Mike: Yeah, absolutely. You and I have been talking about troubleshooting, and I think this maps well to what you're talking about. How do you troubleshoot a system, like, actually really troubleshoot it and understand what it's doing when most people, how they approach troubleshooting is, I'm going to check this thing, I'm going to look over here. After a while, you just start guessing about how your systems are working. For example, with your SSL thing, if you start having SSL negotiation problems intermittently, how do you even approach that? How do you even get to the SSL is your issue? What do you think about that? Are there any standardized troubleshooting methods that you've seen work well with your own teams, or with yourself?
Steve: Well, this is a very interesting area. In part because I grew up troubleshooting. I grew up in construction, and factories, manufacturing, so I've been troubleshooting since I was, I don't know, five years old, you know? I have to be careful, because what comes natural to me, and what I've been doing across lots of industries is not always what everyone else is doing. Here, it's different too, because it sort of highlights ... You know, things move very quickly, and people want to get stuff done, want to fix stuff, and understanding how things work, and how it's all put together is not that common. People just want to fix it, right? Just get a hammer and just start redoing stuff, and rebooting stuff, and typing, rather than stepping back and understanding how it works. I think that's actually pretty common, and I suspect that DevOps, whatever that means, is making that worse also, just more globally because the reality is, most developers don't know a lot about operations, and vice-versa. In the sense, at the same time, getting more complicated, and more pieces, and more microservices, and more going from complicated to complex, and all these interactions, and nobody really knows how this stuff works unless you really have pretty senior folks involved with it. In many ways I suspect the West is becoming more like China, where we really don't understand all these parts, they're all moving around, and like you say, you just want to bang on it a little bit, and restart stuff, and reboot stuff, and make it work.
Mike: Yeah.
Steve: I've never seen a really good set of troubleshooting things. I've looked over the years.
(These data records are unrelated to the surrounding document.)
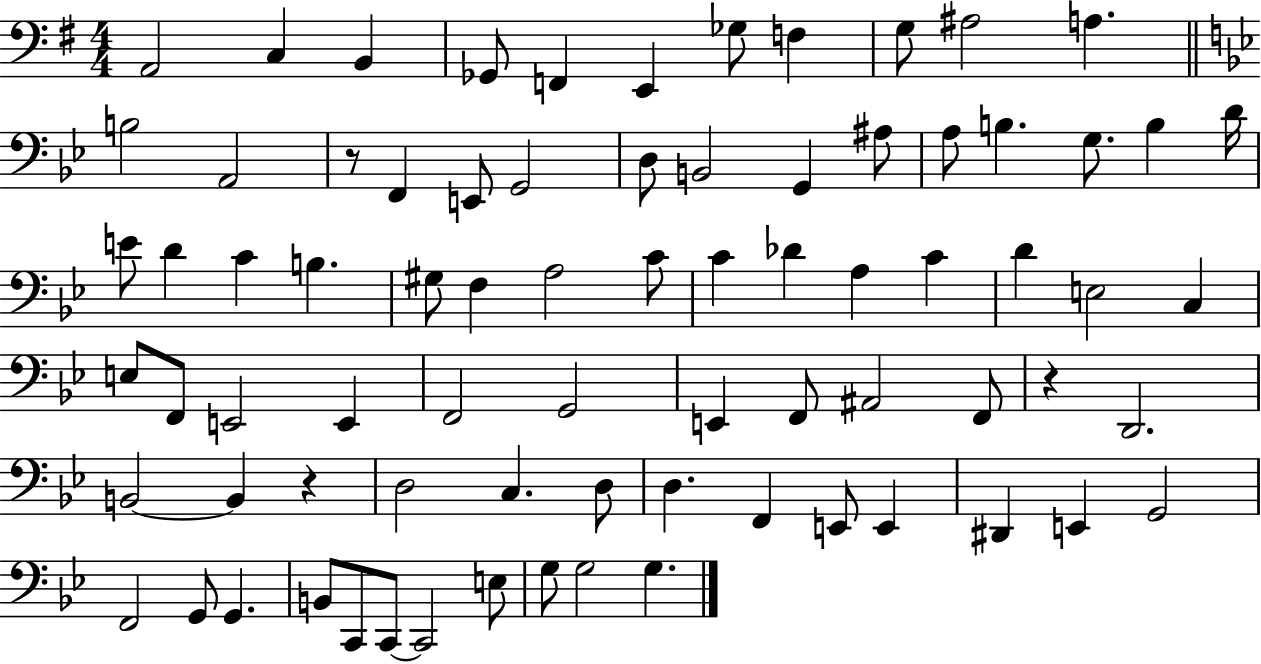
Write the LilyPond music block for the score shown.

{
  \clef bass
  \numericTimeSignature
  \time 4/4
  \key g \major
  \repeat volta 2 { a,2 c4 b,4 | ges,8 f,4 e,4 ges8 f4 | g8 ais2 a4. | \bar "||" \break \key g \minor b2 a,2 | r8 f,4 e,8 g,2 | d8 b,2 g,4 ais8 | a8 b4. g8. b4 d'16 | \break e'8 d'4 c'4 b4. | gis8 f4 a2 c'8 | c'4 des'4 a4 c'4 | d'4 e2 c4 | \break e8 f,8 e,2 e,4 | f,2 g,2 | e,4 f,8 ais,2 f,8 | r4 d,2. | \break b,2~~ b,4 r4 | d2 c4. d8 | d4. f,4 e,8 e,4 | dis,4 e,4 g,2 | \break f,2 g,8 g,4. | b,8 c,8 c,8~~ c,2 e8 | g8 g2 g4. | } \bar "|."
}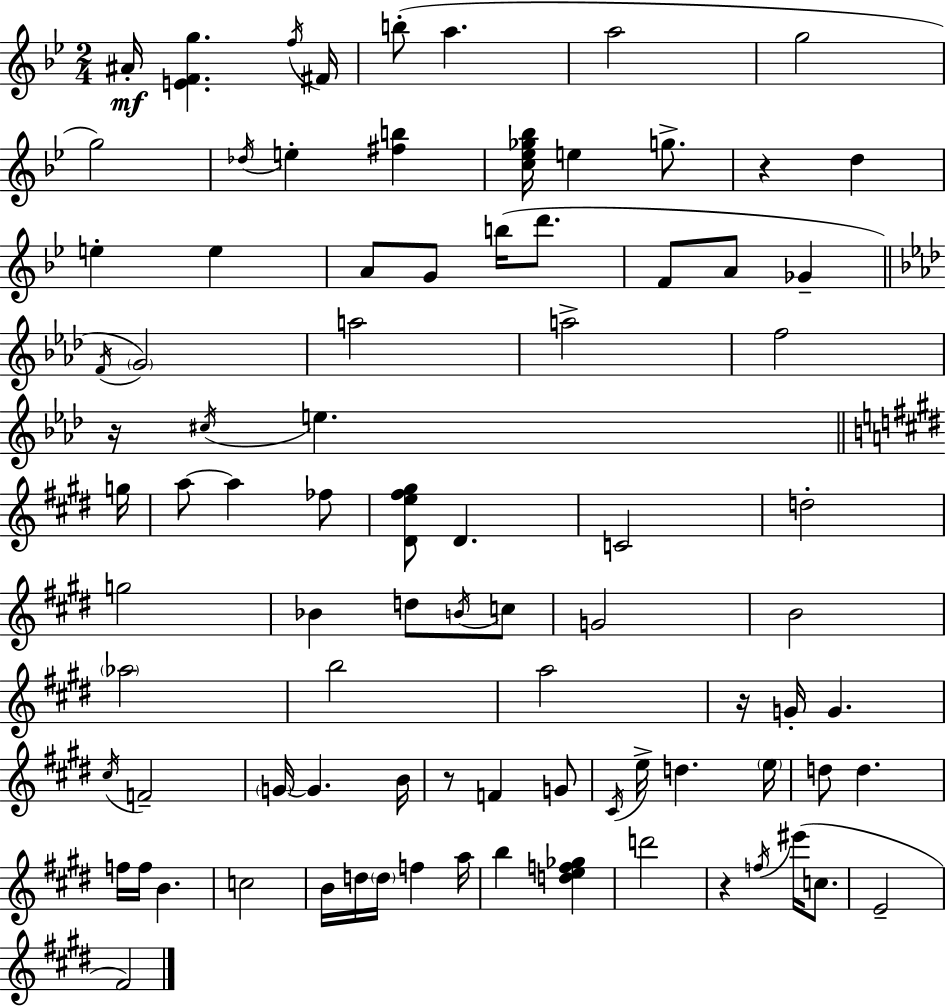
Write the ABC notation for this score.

X:1
T:Untitled
M:2/4
L:1/4
K:Bb
^A/4 [EFg] f/4 ^F/4 b/2 a a2 g2 g2 _d/4 e [^fb] [c_e_g_b]/4 e g/2 z d e e A/2 G/2 b/4 d'/2 F/2 A/2 _G F/4 G2 a2 a2 f2 z/4 ^c/4 e g/4 a/2 a _f/2 [^De^f^g]/2 ^D C2 d2 g2 _B d/2 B/4 c/2 G2 B2 _a2 b2 a2 z/4 G/4 G ^c/4 F2 G/4 G B/4 z/2 F G/2 ^C/4 e/4 d e/4 d/2 d f/4 f/4 B c2 B/4 d/4 d/4 f a/4 b [def_g] d'2 z f/4 ^e'/4 c/2 E2 ^F2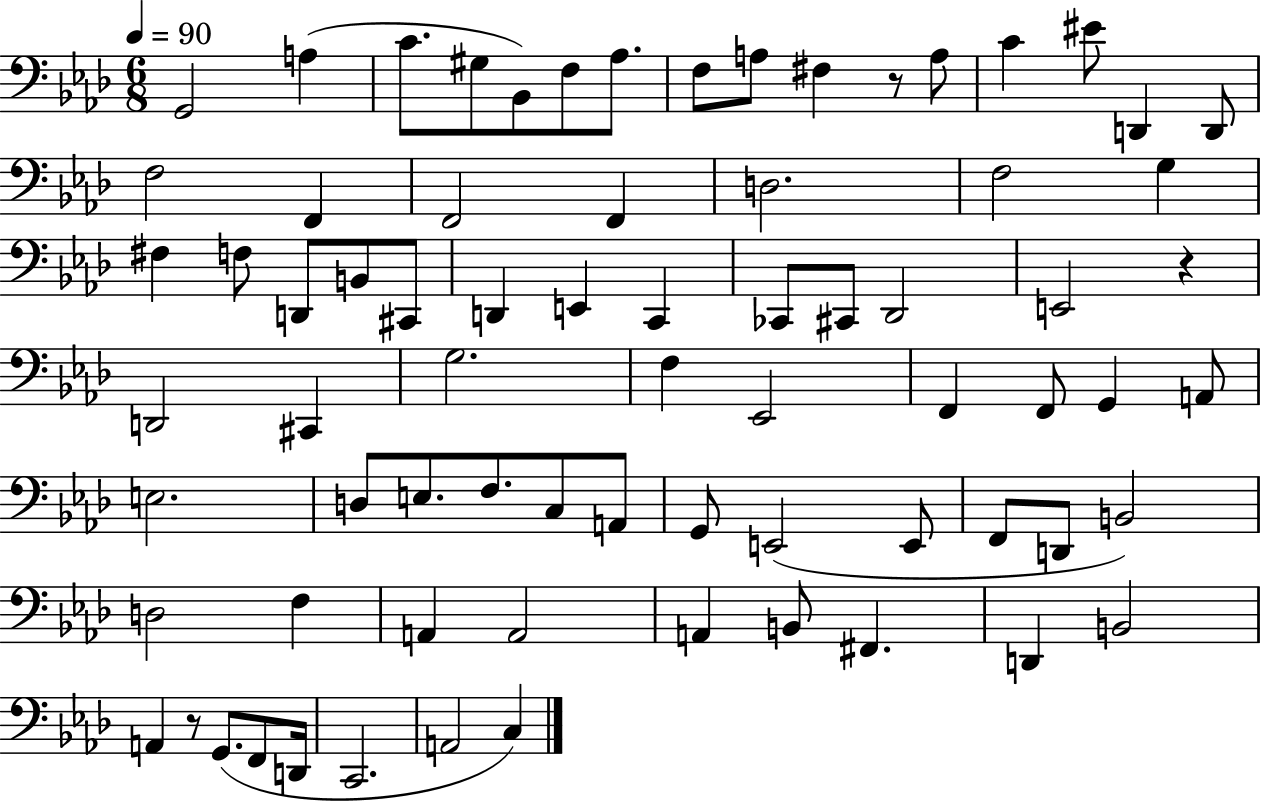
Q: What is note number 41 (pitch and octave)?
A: F2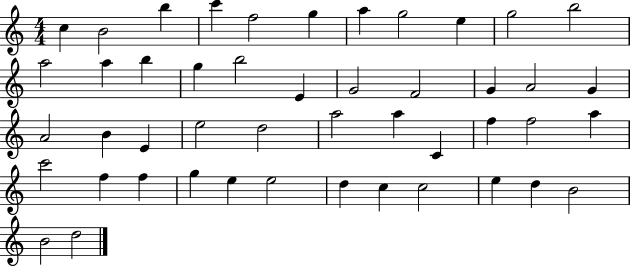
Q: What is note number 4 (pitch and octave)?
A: C6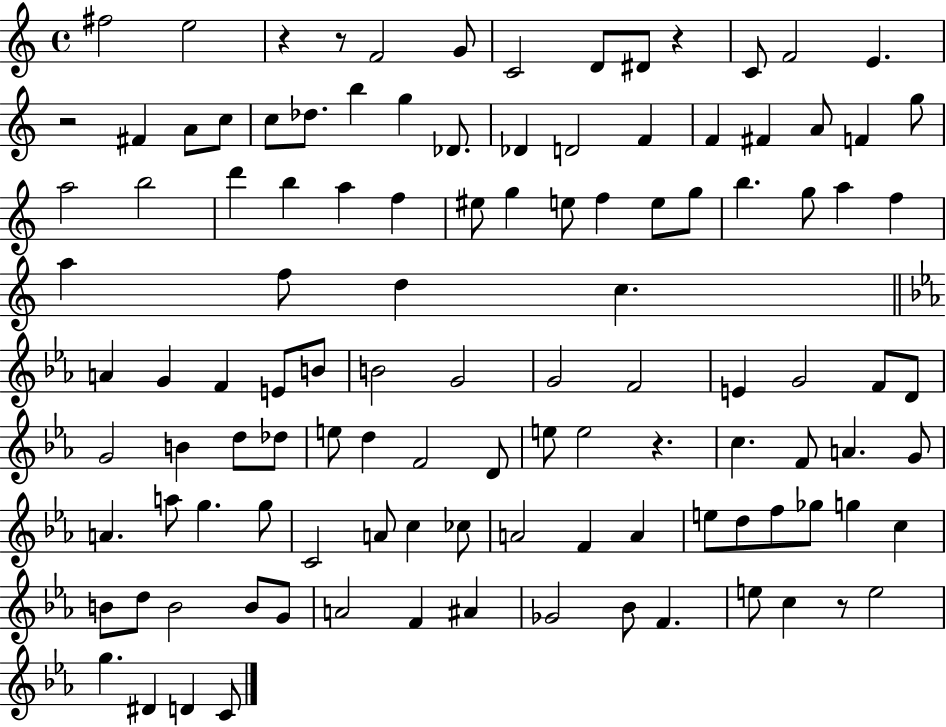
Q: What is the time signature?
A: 4/4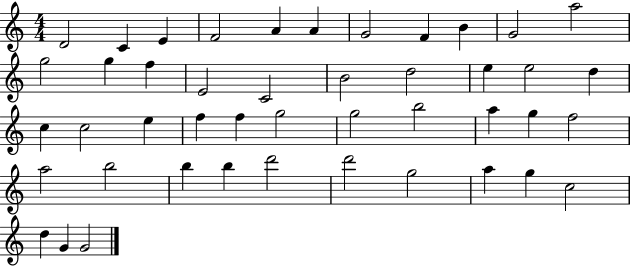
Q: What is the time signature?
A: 4/4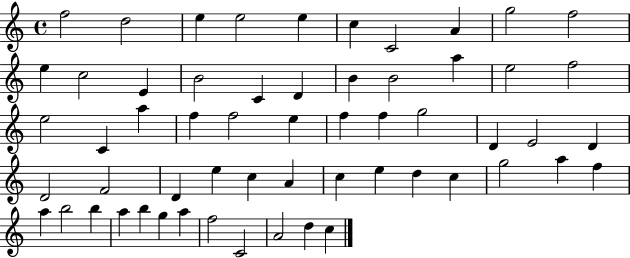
F5/h D5/h E5/q E5/h E5/q C5/q C4/h A4/q G5/h F5/h E5/q C5/h E4/q B4/h C4/q D4/q B4/q B4/h A5/q E5/h F5/h E5/h C4/q A5/q F5/q F5/h E5/q F5/q F5/q G5/h D4/q E4/h D4/q D4/h F4/h D4/q E5/q C5/q A4/q C5/q E5/q D5/q C5/q G5/h A5/q F5/q A5/q B5/h B5/q A5/q B5/q G5/q A5/q F5/h C4/h A4/h D5/q C5/q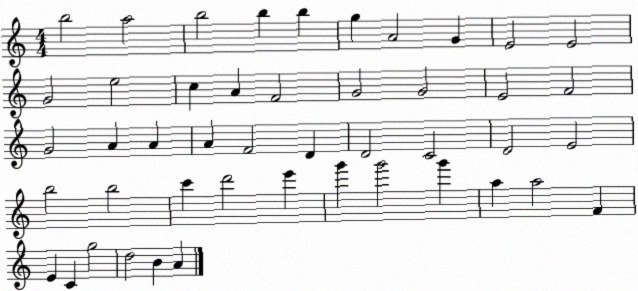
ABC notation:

X:1
T:Untitled
M:4/4
L:1/4
K:C
b2 a2 b2 b b g A2 G E2 E2 G2 e2 c A F2 G2 G2 E2 F2 G2 A A A F2 D D2 C2 D2 E2 b2 b2 c' d'2 e' g' g'2 g' a a2 F E C g2 d2 B A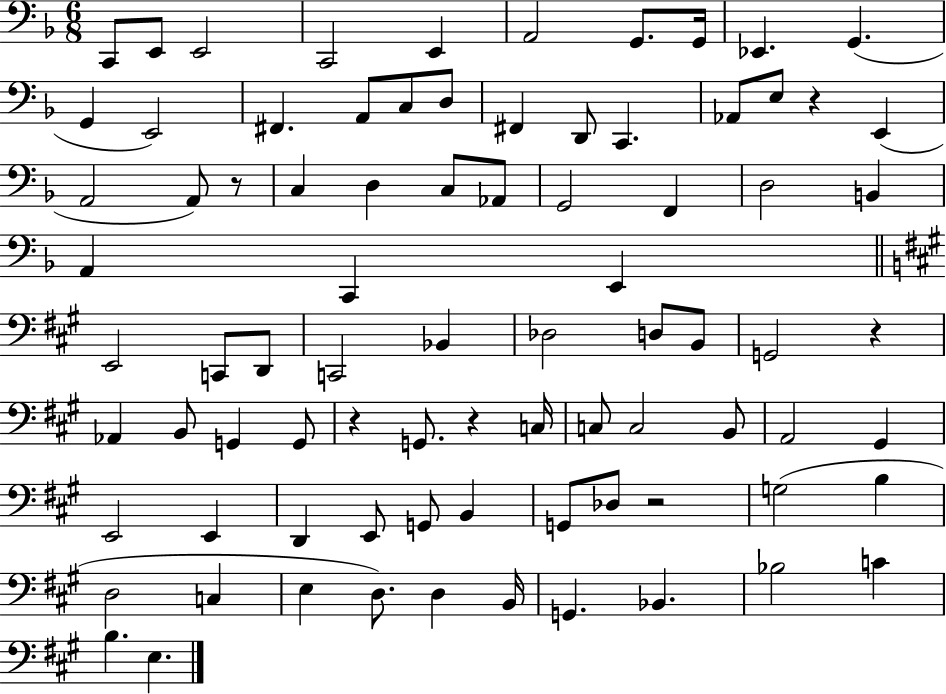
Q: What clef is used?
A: bass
I recently wrote an article on a thing I gave at LISA about sort of the tao of troubleshooting, sort of 10 steps of that.
Mike: Yeah, we'll throw that in the show notes as well.
Steve: Yeah, it's just a little bit cuter, like, know all the things, and look at all the things, but ...
Mike: Right.
Steve: The only ones that I've seen, the only people who have really attacked troubleshooting methodically have been in the engineering disciplines, like, nuclear reactors, or military systems, or communications, like the cell phone guys have a lot of stuff about this. How do you troubleshoot a broken, not cell phone, but cell phone towers and infrastructures, telcos? That stuff tends to be very academic, and very hard to approach. A lot of it was written in the '70 and stuff like this, so I've never seen more modern, like, this is how you go at approaching troubleshooting in systems. You got to think, it's just very important, about methodically going through things, understanding what it can be. Very, very importantly, understanding what it can't be. We have endless engineers waste time Googling something, and trying to solve problems they not only don't have, they can't have because of the way the system works, right? Google said, look at this, this and this, but we don't actually have any of those things. Yet, they'll spend a whole afternoon hunting that stuff down, right? Because, they don't know they don't have it. Stuff like that. How do you teach them to step back? Then, when it all seems messed up, you've got to step back and go, my assumptions are wrong.
Mike: Right.
Steve: Something that I assume is true, is not. There's a famous, I think it's a Mark Twain quote. I think it's Mark Twain, I'm not sure who it is. You know, it's not the things that we know that cause- It's the things that we know that just aren't so. It's the things that we think, and we're sure that configuration says this. I'm sure I checked that file, I'm sure I just went and looked at this, when actually you didn't. It was the wrong thing. You logged in the wrong server, you looked at some other wrong thing, so something in your mental model is wrong. One of the best ways to check senior engineers, or senior troubleshooting folks is, can they realize that, can they step back and recheck all their assumptions? After you've done this for a couple hours, because something you've done is wrong and you go, "Oh yeah, that thing over there." Of course, involving other people, and communicating and all that. It's not just troubleshooting skill, of course.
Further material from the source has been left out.